Imunoterapia intratumoral
Na terceira linha de pesquisas, a BioNTech está trabalhando juntamente com a empresa farmacêutica Sanofi em uma abordagem mais agressiva: uma imunoterapias intratumoral, ou seja, ela é administrada diretamente no tumor. A terapia, segundo a empresa, “envolve injetar o mRNA codificador de citocinas diretamente em um tumor, a fim de promover maior atividade das células T”.
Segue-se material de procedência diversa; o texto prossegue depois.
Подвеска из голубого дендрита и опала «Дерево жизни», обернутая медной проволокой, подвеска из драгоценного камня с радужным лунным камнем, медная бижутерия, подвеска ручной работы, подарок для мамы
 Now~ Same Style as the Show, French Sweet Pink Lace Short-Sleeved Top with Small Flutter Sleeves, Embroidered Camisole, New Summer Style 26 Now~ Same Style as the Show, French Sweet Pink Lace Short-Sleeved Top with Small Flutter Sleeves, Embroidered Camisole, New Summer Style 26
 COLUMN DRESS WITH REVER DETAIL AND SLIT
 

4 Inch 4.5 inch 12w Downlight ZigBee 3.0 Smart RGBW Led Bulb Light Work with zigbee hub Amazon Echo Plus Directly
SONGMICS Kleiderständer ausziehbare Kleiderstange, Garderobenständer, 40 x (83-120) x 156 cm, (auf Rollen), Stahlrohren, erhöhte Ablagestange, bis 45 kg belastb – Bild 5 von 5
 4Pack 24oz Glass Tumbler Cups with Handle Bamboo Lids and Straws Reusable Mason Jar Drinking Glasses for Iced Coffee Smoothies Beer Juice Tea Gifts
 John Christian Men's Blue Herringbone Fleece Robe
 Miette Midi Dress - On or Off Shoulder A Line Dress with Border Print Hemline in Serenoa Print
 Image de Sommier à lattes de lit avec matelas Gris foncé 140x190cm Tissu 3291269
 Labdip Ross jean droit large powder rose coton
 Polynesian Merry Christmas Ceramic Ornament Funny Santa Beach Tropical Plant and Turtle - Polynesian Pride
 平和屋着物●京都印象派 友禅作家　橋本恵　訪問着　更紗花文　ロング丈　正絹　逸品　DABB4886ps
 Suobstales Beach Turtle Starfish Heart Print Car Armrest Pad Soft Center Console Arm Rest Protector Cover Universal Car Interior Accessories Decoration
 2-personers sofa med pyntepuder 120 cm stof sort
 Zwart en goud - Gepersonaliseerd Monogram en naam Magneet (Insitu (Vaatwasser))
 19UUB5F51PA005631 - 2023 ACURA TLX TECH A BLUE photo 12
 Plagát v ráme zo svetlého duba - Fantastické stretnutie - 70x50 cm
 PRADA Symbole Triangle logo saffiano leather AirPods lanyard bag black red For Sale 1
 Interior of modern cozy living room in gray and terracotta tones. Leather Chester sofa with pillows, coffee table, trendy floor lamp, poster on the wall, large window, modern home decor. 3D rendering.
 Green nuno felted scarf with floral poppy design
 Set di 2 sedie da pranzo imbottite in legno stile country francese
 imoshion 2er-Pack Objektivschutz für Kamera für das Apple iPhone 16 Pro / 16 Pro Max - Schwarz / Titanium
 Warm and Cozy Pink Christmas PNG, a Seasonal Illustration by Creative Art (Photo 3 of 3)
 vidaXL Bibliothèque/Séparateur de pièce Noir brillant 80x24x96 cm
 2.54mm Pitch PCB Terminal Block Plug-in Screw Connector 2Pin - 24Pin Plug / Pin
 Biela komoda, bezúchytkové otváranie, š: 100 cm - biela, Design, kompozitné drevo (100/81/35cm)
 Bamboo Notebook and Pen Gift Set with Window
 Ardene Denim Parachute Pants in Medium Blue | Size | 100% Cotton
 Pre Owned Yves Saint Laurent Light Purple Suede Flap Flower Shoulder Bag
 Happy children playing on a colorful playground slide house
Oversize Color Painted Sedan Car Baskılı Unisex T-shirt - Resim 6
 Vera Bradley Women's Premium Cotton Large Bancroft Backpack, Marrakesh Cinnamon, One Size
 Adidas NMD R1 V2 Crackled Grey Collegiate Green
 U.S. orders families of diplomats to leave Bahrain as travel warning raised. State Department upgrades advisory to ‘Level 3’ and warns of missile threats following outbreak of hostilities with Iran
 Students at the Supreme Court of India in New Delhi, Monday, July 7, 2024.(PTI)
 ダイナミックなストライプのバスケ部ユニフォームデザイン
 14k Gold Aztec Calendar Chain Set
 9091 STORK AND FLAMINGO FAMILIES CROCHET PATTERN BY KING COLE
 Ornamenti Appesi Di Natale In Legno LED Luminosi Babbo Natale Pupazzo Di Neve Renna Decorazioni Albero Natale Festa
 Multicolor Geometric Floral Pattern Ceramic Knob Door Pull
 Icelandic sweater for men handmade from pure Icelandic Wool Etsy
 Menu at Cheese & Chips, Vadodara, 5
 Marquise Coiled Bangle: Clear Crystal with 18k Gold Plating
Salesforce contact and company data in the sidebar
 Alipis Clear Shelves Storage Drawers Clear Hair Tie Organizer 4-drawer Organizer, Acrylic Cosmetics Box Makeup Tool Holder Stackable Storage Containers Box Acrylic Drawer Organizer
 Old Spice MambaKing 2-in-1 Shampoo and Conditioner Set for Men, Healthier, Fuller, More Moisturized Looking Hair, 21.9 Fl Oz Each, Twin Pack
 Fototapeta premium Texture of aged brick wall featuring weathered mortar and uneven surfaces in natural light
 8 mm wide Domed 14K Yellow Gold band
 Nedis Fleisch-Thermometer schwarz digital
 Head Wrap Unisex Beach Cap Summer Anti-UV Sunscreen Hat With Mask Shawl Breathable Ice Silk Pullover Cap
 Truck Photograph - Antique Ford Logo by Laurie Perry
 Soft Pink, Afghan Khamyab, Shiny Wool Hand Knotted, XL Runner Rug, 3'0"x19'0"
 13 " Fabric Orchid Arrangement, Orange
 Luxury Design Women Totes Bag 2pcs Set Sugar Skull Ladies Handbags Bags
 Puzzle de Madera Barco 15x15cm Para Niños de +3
Citocinas são proteínas secretadas por células do sistema imune que representam comandos celulares; elas podem ordenar que as células se dividam, cessem a multiplicação ou mesmo que se destruam. O objetivo é que o tumor seja destruído de dentro para fora, sem que o tratamento afete outras partes do corpo.
Um linfócito T.Fonte: NIAID/Divulgação
Além da BioNTech, a Moderna (que também tem uma vacina gênica contra a covid-19) está desenvolvendo sua própria vacina contra o câncer – nesse caso, em parceria com o laboratório Merck – usando a mesma técnica de sequenciar e identificar as mutações que as células sofreram.
A vacina da Moderna é chamada de mRNA-4157 e também está na fase 1 dos testes clínicos para o tratamento e prevenção da recidiva dos chamados tumores sólidos irressecáveis, ou seja, aqueles que não podem ser removidos cirurgicamente.
Mensageiro do DNA
Sigla em inglês para ácido ribonucleico, o RNA é a molécula que “cumpre” o que o DNA (onde estão nossos genes) determina. Existem três tipos de RNA: o mensageiro, o transportador e o ribossômico. Apenas o primeiro (o mensageiro) interessa aqui: é ele o usado nas vacinas gênicas.
O chamado RNAm é responsável por codificar as proteínas determinadas pelo DNA e que a célula precisa. As vacinas genéticas usam uma fita de RNAm do antígeno a ser combatido (que pode ser tanto um vírus como um tumor), que codifica uma proteína específica.
Quando a pessoa é vacinada, suas células absorvem esse RNAm e começam a produzir a proteína, que migrará para a membrana da célula, onde ela desencadeara uma resposta do corpo.